[Source material]
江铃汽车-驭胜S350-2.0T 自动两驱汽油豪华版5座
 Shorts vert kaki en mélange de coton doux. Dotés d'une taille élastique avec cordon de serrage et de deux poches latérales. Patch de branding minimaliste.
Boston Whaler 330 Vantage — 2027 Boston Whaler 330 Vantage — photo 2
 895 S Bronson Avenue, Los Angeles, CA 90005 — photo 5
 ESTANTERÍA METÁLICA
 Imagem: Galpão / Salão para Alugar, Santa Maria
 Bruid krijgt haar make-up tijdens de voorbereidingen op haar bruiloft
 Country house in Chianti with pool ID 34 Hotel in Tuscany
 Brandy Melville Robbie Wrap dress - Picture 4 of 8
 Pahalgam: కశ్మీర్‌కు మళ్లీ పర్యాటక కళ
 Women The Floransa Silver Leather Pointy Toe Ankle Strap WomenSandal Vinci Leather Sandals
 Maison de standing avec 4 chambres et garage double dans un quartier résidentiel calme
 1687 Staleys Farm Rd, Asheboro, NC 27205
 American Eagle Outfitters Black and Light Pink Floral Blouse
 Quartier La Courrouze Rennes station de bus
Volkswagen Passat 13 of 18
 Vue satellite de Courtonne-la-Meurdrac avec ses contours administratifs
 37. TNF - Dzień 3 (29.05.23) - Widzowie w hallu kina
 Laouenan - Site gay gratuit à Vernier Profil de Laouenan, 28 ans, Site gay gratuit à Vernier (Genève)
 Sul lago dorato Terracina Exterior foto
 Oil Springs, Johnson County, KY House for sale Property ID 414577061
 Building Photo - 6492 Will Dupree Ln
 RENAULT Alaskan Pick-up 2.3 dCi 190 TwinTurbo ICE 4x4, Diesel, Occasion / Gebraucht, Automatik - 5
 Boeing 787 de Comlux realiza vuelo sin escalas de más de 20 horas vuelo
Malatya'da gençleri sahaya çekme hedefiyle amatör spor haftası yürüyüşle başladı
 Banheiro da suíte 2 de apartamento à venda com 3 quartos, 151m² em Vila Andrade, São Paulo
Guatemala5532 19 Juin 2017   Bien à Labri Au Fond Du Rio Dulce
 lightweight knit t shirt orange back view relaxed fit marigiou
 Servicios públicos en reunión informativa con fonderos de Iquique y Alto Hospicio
[/Source material]
**Exercise description**
Go through the material above and state how many lines hold the word "avec". Give only the number.

**Output for this exercise**
3